─── Data listing ───

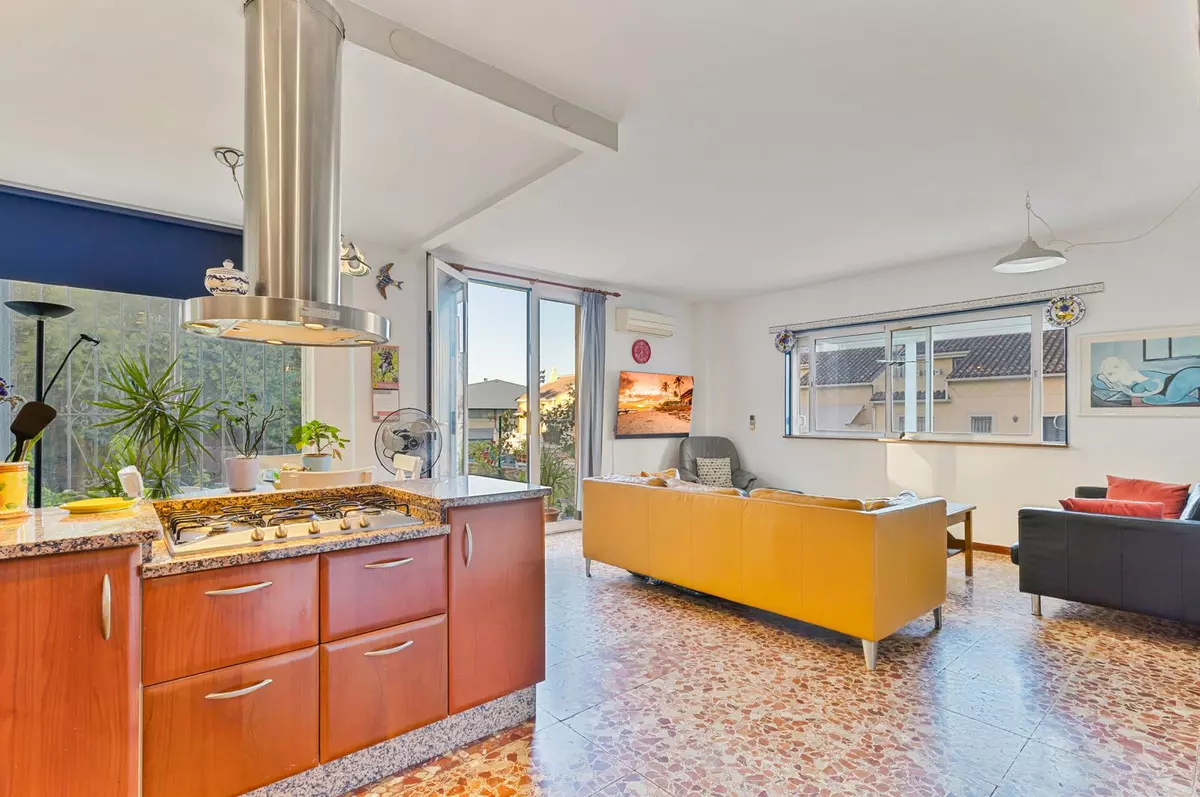 2-bedroom Apartment In Fuengirola, Spain (87 M²)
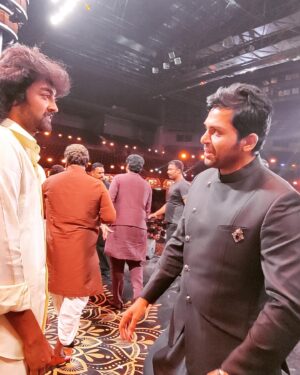 Raju Jeyamohan Instagram - சோழர் பரம்பரையில் ஒரு Emcee! 😎  @karthi_offl bro  #maniratnam sir!  #jeyamravi bro!  #ponniyinselvan2 @lyca_productions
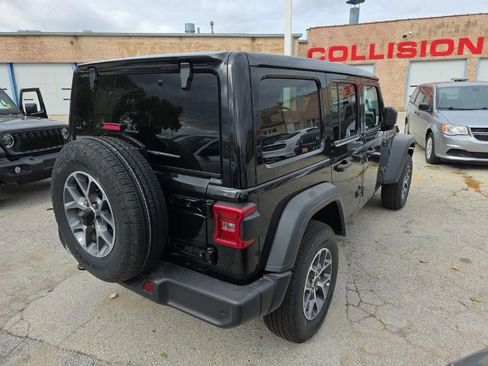 Certified 2025 Jeep Wrangler Unlimited Sport AWD/4WD image 12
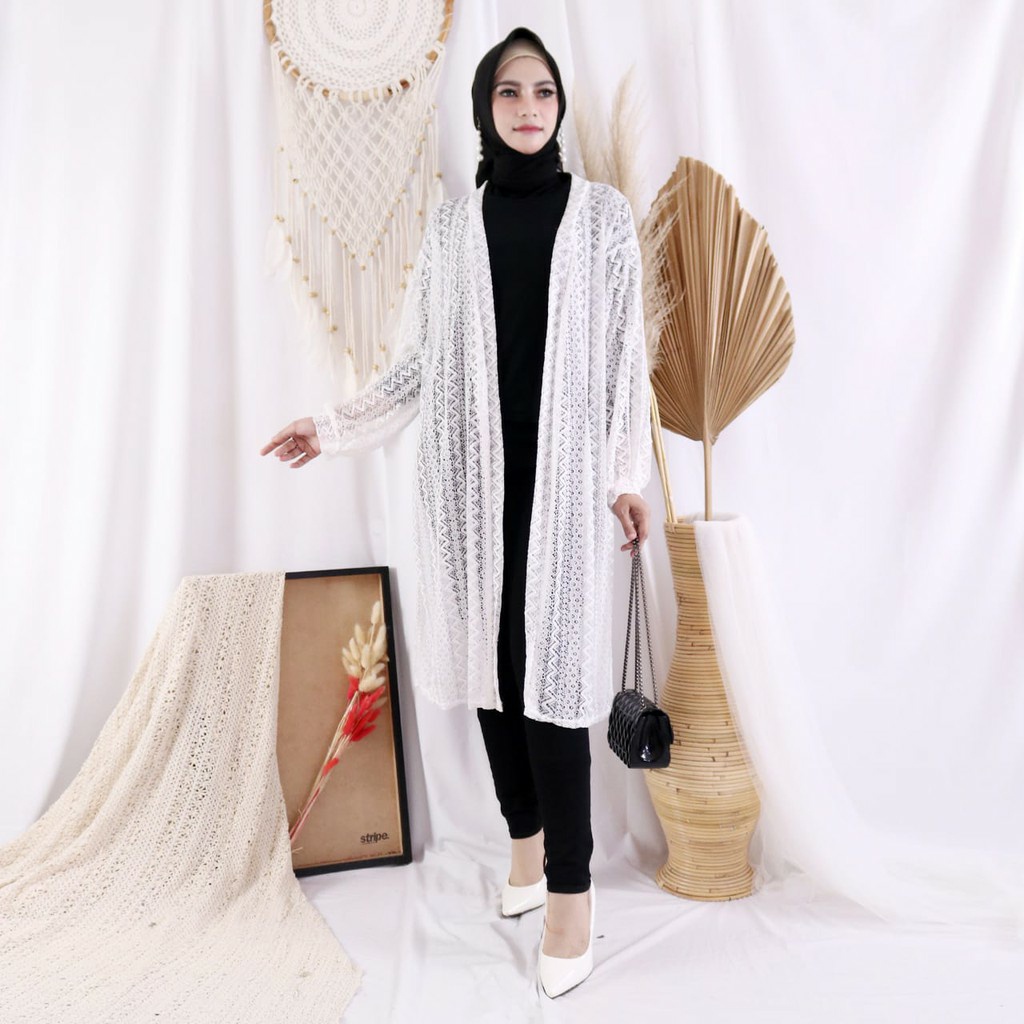 PAKAIAN WANITA MUSLIMAH LONG OUTER CARDIGAN PUTIH BROKAT LENGAN PANJANG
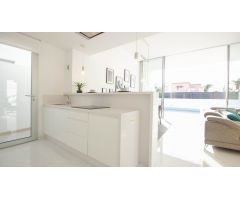 INCREÍBLE VILLA INDEPENDIENTE CON 400M2 DE PARCELA +SOLARIUM EN TORREVIEJA.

───

* **Activity**
Every line above is to be reproduced verbatim, and the pictures are to be omitted.

* **Answer to this task**
 2-bedroom Apartment In Fuengirola, Spain (87 M²)
 Raju Jeyamohan Instagram - சோழர் பரம்பரையில் ஒரு Emcee! 😎  @karthi_offl bro  #maniratnam sir!  #jeyamravi bro!  #ponniyinselvan2 @lyca_productions
 Certified 2025 Jeep Wrangler Unlimited Sport AWD/4WD image 12
 PAKAIAN WANITA MUSLIMAH LONG OUTER CARDIGAN PUTIH BROKAT LENGAN PANJANG
 INCREÍBLE VILLA INDEPENDIENTE CON 400M2 DE PARCELA +SOLARIUM EN TORREVIEJA.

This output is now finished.